Des commissions de travail peuvent être créees en impliquant des copro qui le veulent ou qui ont une certaine expertise en matière de travaux ou d'ascenseurs ou autre ... Mais sous la supervision finale du syndic.
Sinon à quoi servez-vous ?
2) je suis le raisonnement de Nihilsco dans la possibilité d'une résolution du problème hors tribunal. Le fait que la toiture était a refaire est je prense incontestable ici ... et ne dispense pas Mr B doit participer à hauteur de ses tantièmes.
Mais .... Mr A a décidé seul et sans consentement, et sans faire jouer la concurrence. par cette attitude, vous êtes dans le flou concernant le coùt de ces travaux et bien sûr il a spolié le droit de décision de l'autre copro.
une solution que je verrai "fair" serait que B participe aux travaux à hauteur de ce qu'il aurait dû payer AVEC subvention.
Je m'explique: Imaginons que l'ANAH ait participé à ces travaux, il aurait pu avoir une prise en charge allant jusqu'à 20% des travaux (montant à vérifier).
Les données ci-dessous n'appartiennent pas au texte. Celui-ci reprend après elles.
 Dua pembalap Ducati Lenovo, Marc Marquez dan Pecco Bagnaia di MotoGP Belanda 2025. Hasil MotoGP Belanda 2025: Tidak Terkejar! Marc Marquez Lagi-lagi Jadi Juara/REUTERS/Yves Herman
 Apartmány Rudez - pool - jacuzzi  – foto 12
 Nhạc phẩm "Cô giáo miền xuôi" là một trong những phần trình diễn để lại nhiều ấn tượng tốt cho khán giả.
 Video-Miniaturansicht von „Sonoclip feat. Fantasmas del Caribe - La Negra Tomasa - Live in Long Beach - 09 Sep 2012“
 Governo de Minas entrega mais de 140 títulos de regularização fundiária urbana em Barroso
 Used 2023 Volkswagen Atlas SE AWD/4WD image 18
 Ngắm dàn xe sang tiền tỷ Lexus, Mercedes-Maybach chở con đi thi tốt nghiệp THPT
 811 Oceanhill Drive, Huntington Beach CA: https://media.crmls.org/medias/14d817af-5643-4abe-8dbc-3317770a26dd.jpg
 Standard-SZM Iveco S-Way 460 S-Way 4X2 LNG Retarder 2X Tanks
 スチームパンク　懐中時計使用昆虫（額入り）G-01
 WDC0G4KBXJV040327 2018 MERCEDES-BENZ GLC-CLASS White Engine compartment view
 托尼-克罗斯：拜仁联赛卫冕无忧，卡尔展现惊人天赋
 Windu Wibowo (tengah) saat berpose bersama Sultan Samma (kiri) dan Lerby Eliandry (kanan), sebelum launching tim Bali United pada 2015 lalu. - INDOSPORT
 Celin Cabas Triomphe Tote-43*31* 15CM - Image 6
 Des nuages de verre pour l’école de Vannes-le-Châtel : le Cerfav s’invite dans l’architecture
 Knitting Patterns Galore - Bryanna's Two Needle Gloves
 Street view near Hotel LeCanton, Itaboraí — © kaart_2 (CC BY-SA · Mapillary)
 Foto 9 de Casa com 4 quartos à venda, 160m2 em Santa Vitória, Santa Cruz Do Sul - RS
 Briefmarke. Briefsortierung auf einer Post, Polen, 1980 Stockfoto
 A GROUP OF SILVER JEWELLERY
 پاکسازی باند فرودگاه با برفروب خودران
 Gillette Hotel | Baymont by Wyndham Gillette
2 solutions alors: - ou bien il annonce clairement qu'il rembourse A à concurrence de 80% de sa part de tantième
et A supporte ces 20% au titre de son erreur et de sa précipitation, - ou bien il propose (vu le pbl financier que cela génère pour lui) d'échelonner le rbt directement à A, sur une base de plusieurs mois, échéancier à l'appui, et sans intérêt bien entendu.
Et juste pour marquer le coup, je propose ma démission de syndic à la prochaine AG en faisant reference à cette affaire ... car en fait, si tout se passe comme si tout avait été fait dans les règles, le prochain fera pareil ! 
Dernière modification par Golfy 31/07/2008 à 20h12.